Taking Donald Trump seriously means looking behind the mask to the contradictions that make him both entertaining and dangerous as a leader.
According to the Economist, “Mr Trump’s secret sauce has two spices. First, he has a genius for self-promotion, unmoored from reality (“I play to people’s fantasies. I call it truthful hyperbole,” he once said). Second, he says things that no politician would, so people think he is not a politician. Sticklers for politeness might object when he calls someone a “fat pig” or suggests that a challenging female interviewer has “blood coming out of her wherever.” His supporters, however, think his boorishness is a sign of authenticity—of a leader who can channel the rage of those who feel betrayed by the elite or left behind by social change. It turns out that there are tens of millions of such people in America.” Read more…
For those of us who take transformational leadership seriously, our biggest challenge is sometimes acknowledging NEGATIVE transformational leaders as leaders. Men like Donald Trump, charismatic and manipulative, secretive and boisterous, capture the leadership stage by performing positive leadership and activating negative changes, like justifying racism and violence or celebrating self-promoting, profitable, but exploitative business practices like Trump “University.”
According to the Guardian, his candidacy reflects a change in the way conservative voters see Republican insiders. “This is what a failure of leadership looks like.
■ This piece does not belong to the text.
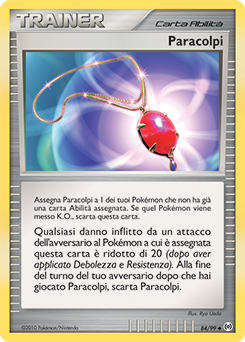 Buffer Piece 084/111 — Arceus (Italian Pokémon TCG card)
And it’s not new.” I see that problem as well; obstructionism and bombast have paved a path for this self brand-identified outsider candidate.
But I also see that his supporters, irrationally or not, believe that he can transform our country into something more white, more corporate, and less complex. And that IS a transformation, although perhaps a nostalgic one. So I believe we need to look at their hunger for his protectionist, white-male focused rhetoric as a hunger for transformation that makes sense to them.
In an United States dominated by often confusing cultural transformation, his call to force government to behave as if multicultural realities and global changes do not affect our policies and political relationships is transformative. It just doesn’t have any basis in possibility, because his proposals make no sense, if you look behind the mask.
The contradiction, acted out in his many scandals, confusing proposals and attacks on anyone who opposes him, is that his candidacy reflects a hunger for transformation, combined with a short-sighted and angry nostalgia for a future that excludes the changes that mark our modern social, business and personal realities.
It’s a dangerous contradiction, because he’s riding an emotional rollercoaster of hope, fear and rage, with little promise of meaningful results.